Just as I started over the bridge the mob broke my windows out with rocks. I escaped because the mob didn't know I belonged to the Negro race. Before I got out of East St. Louis I saw the mob with a rope and I heard them say: "There's a nigger. Let us hand the S--- of a B---," and they threw the rope over the telegraph pole, but I didn't know what came of that; I saw the soldiers and they offered no assistance to the colored people. I saw the fire department come before the fire was started, but when the fire was started they did nothing to stop. I also saw the mob throw a rope around a colored man's neck and shoot him full of holes. The soldiers offered no assistance to the man who was shot, neither did the police. I saw a crowd of soldiers go into a saloon and engage in drinking heavily of beer. The mob burned the houses in the localities where colored lived mostly. The women were as vile as the men in their vile treatment to the Negroes. I saw the soldiers driving a crowd of colored men in the streets. The men were made to hold their hands above their heads as they walked.

Testimony of Beatrice Deshong, age 26 years:

I saw the mob robbing the homes of Negroes and then set fire to them. The soldiers stood with folded arms and looked on as the houses burned. I saw a Negro man killed instantly by a member of the mob, men, small boys, and women and little girls all were trying to do something to injure the Negroes. I saw a colored woman stripped of all of her clothes except her waist. I don't know what became of her. The police and the soldiers were assisting the mob to kill Negroes and to destroy their homes. I saw the mob hang a colored man to a telegraph pole and riddle him with bullets. I saw the mob chasing a colored man who had a baby in his arms. The mob was shooting at him all the time as long as I saw him. I ran for my life. I was nearly exhausted when a white man in the block opened the door of this warehouse and told me to go in there and hide. I went in and stayed there all night. The mob bombarded the house during the night, but I was not discovered nor hurt. The mob stole the jewelry of Negroes and used axes and hatchets to chop up pianos and furniture that belonged to them. The mob was seemingly well arranged to do their desperate work. I recognized some of the wealthy people's sons and some of the bank officials in the mob. They were as vile as they could be.

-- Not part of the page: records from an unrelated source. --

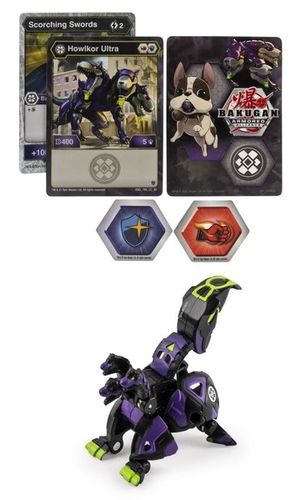 Bakugan Armored Alliance: игровой набор из одного ультра бакугана Холкор, купить недорого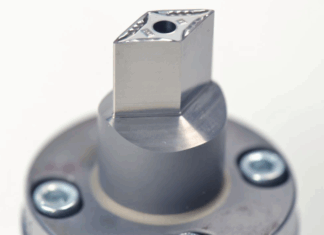 Hartstoff-Formgebung und Politur mit UKP-Laser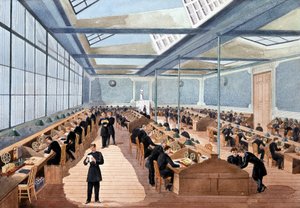 电报室 作者 未知艺术家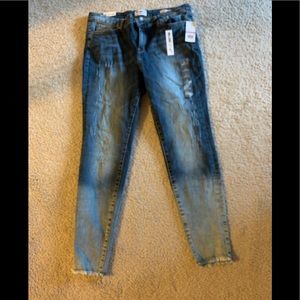 William Rast perfect skinny jeans. NWT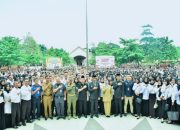 Bupati Kampar Ahmad Yuzar Lantik Ribuan CPNS dan PPPK Kabupaten Kampar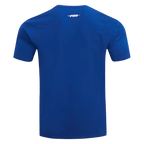 NHL TORONTO MAPLE LEAFS RETRO CLASSIC MEN'S SJ STRIPED TEE (DODGER BLUE)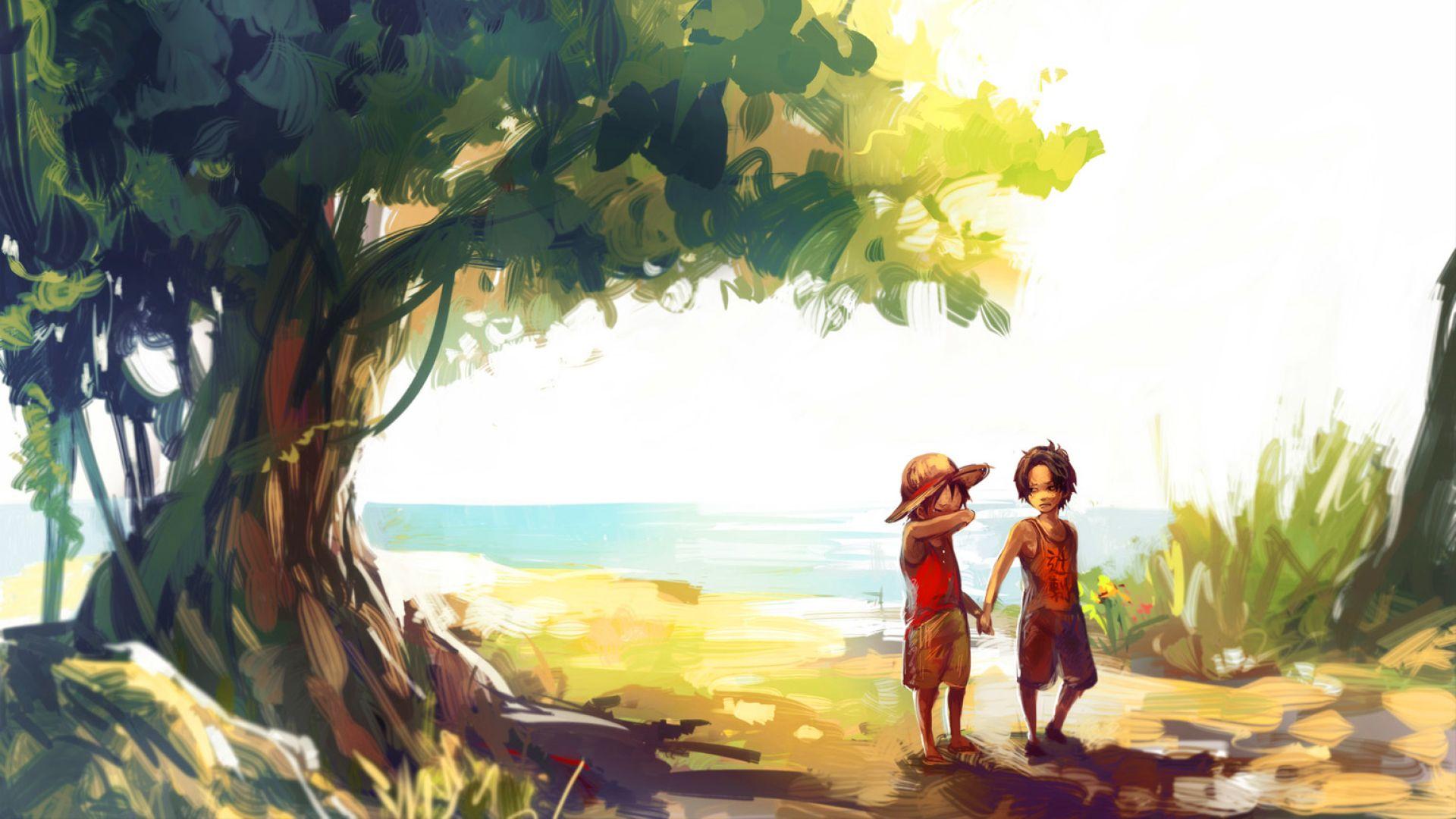 1920x1080 One Piece, Portgas D. Ace HD Wallpaper & Background • 28951 • Wallur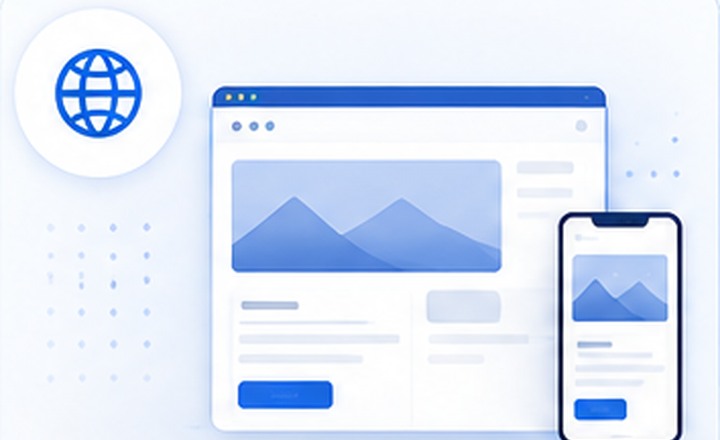 Corporate Websites service illustration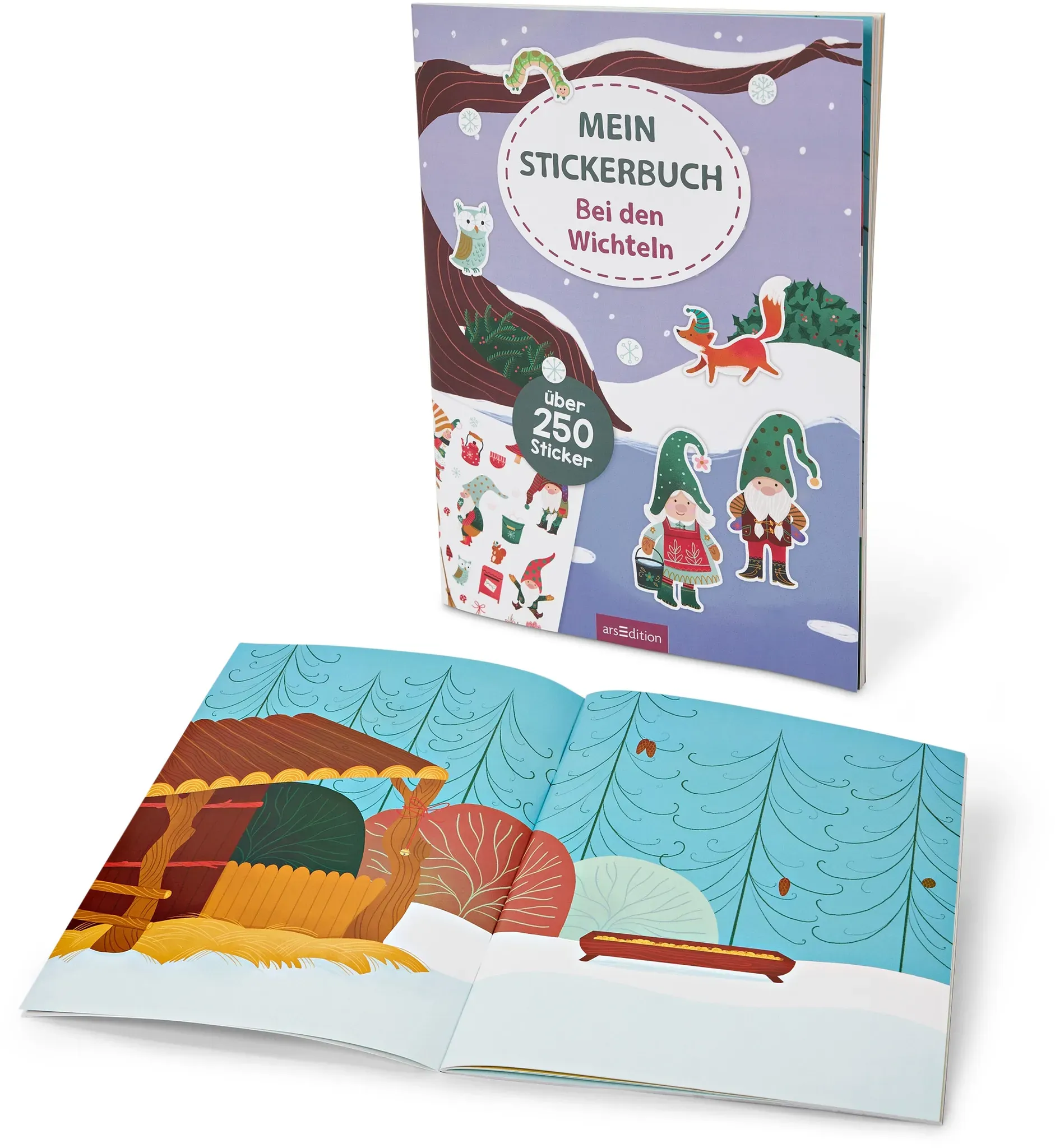 Tchibo - Mein Stickerbuch – Bei den Wichteln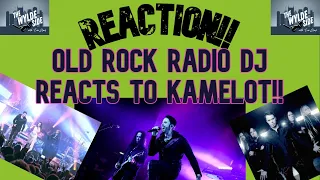 [REACTION!!] Old Rock Radio DJ REACTS to KAMELOT ft. "Sacrimony" with Elize Ryd & Alissa White-Gluz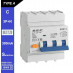 Schotman Elektro B.V. - SEP RCM1 3p+n C-karakteristiek 16A 10kA selectief AS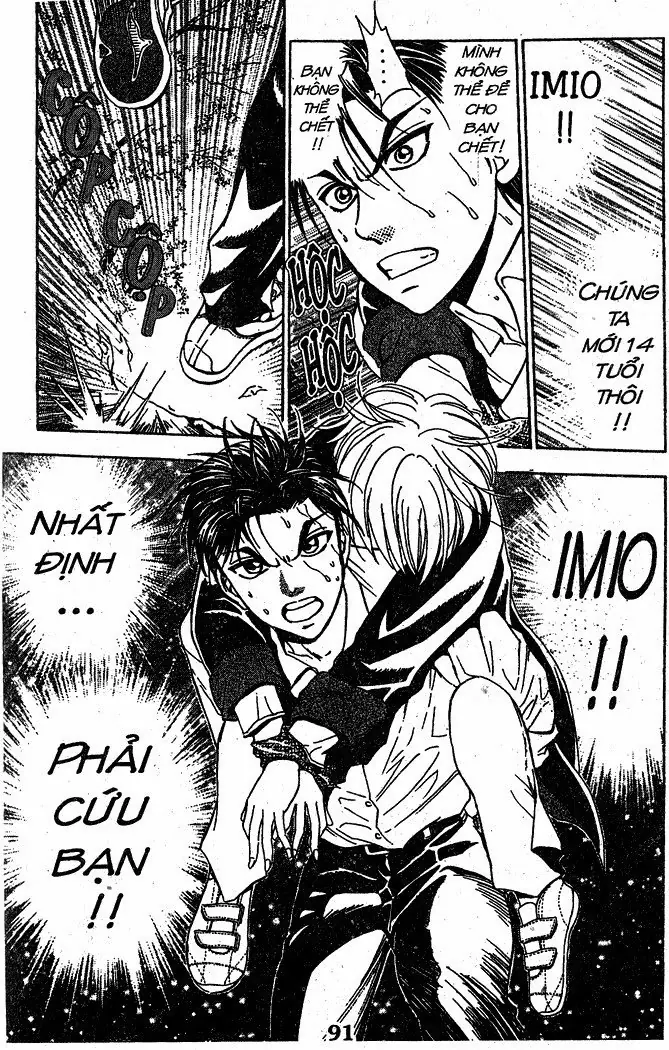 Bàn Tay Thần Sầu Teru Chapter 44 - Trang 23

Testimony of Jerry Mayhorn:

I saw the mob running the Negroes and beating them and killing them. I saw thirty white men beating one Negro. They clubbed the Negro to death. I saw the mob shooting into the homes of Negroes and throwing stones into them. The women and children were as bad as the men. The man that worked with me in the Stock Yards swam the creek to escape the mob and they stopped to beat another Negro man to death. He escaped. I saw the mob set fire to the church and to the school; then they ran. This was about seven o'clock in the evening. I ran through the Stock Yards and down the railroad to Brooklyn, carrying my three children. I saw the soldiers, who seemed to run a little pretense, and the mob just kept on killing Negroes. The soldiers searched the colored men, but I never saw them attempt to search any of the white men.

Testimony of Robert Hersey, age 20 years:

I have lived in East St. Louis since the 25th of March, 1917. I came here because of bad treatment and poor wages. I worked in a tobacco factory in St. Louis, Mo., and received two dollars a day.

Before the riot everyone seemed friendly toward me. I never got into the thickest of the men or riot, but they hit me with clubs, bricks, and stamped me on the head. They broke my arm. But for all of that I got away from them.

I shall never return to the South whatever may happen to me here, for in the South it is always killing and burning some of our people. No let up on bad treatment and no wages either. Men must work for eighty cents a day, women for fifty cents a week, and if the whites choose not to pay that, they won't do it. I shall stay in St. Louis, Mo.